(Instructions for the task)
Using the data that follows, give again word for word the lines between the one holding "Men's Casual Shoes" and the one holding "Graceful Petal Diamond Drop Earrings", inclusive. Omit the pictures.

(Given entries)
══════════════════════════════

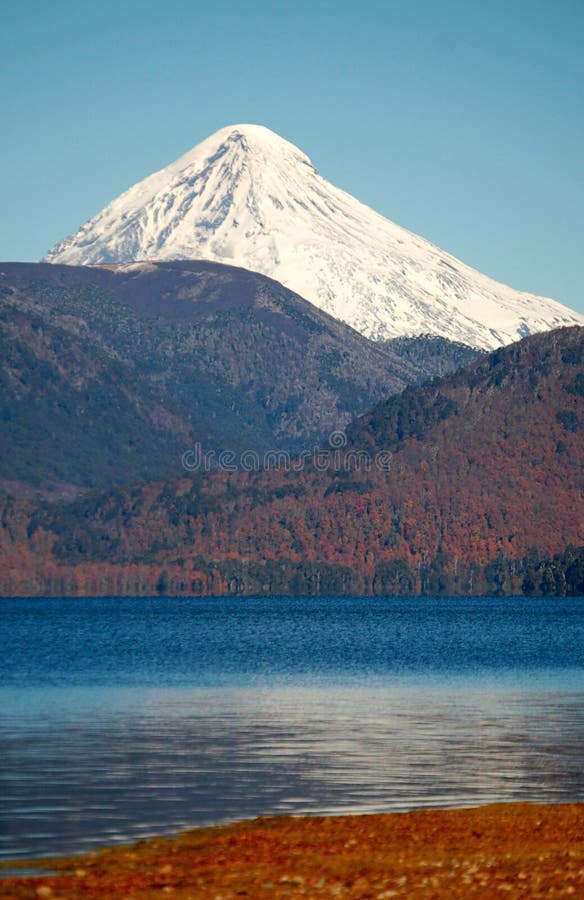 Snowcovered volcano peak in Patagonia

══════════════════════════════

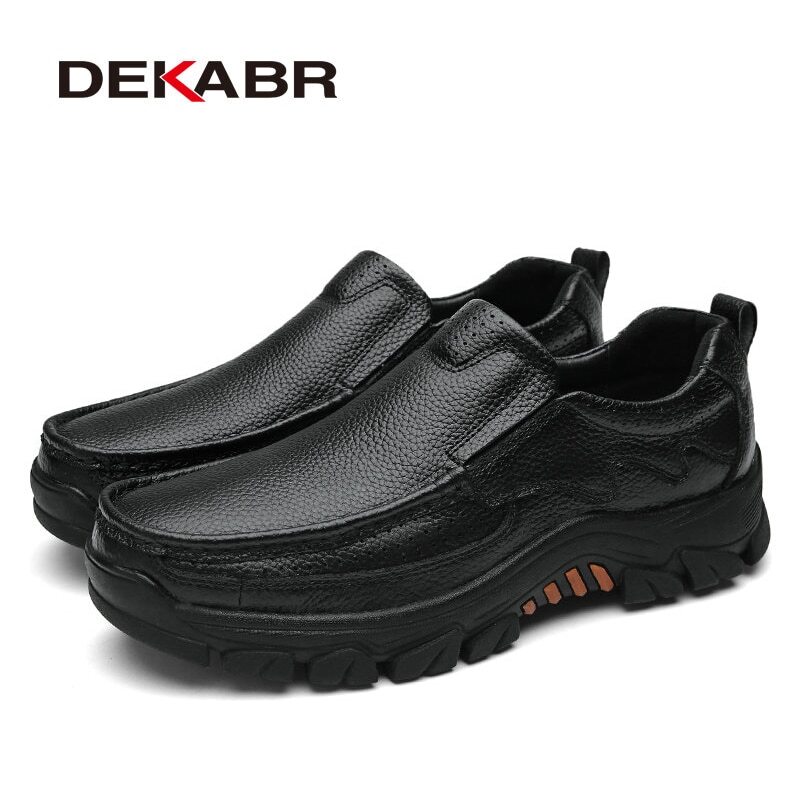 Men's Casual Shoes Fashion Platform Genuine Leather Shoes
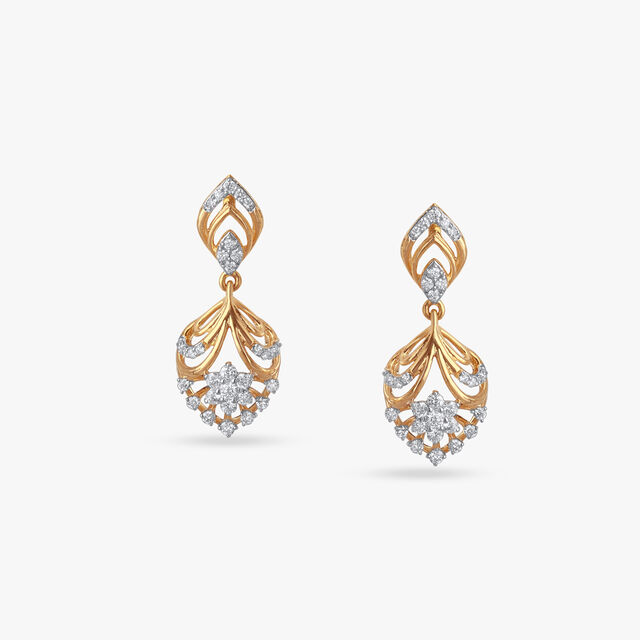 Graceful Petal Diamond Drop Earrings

══════════════════════════════

(Response for this exercise)
 Men's Casual Shoes Fashion Platform Genuine Leather Shoes
 Graceful Petal Diamond Drop Earrings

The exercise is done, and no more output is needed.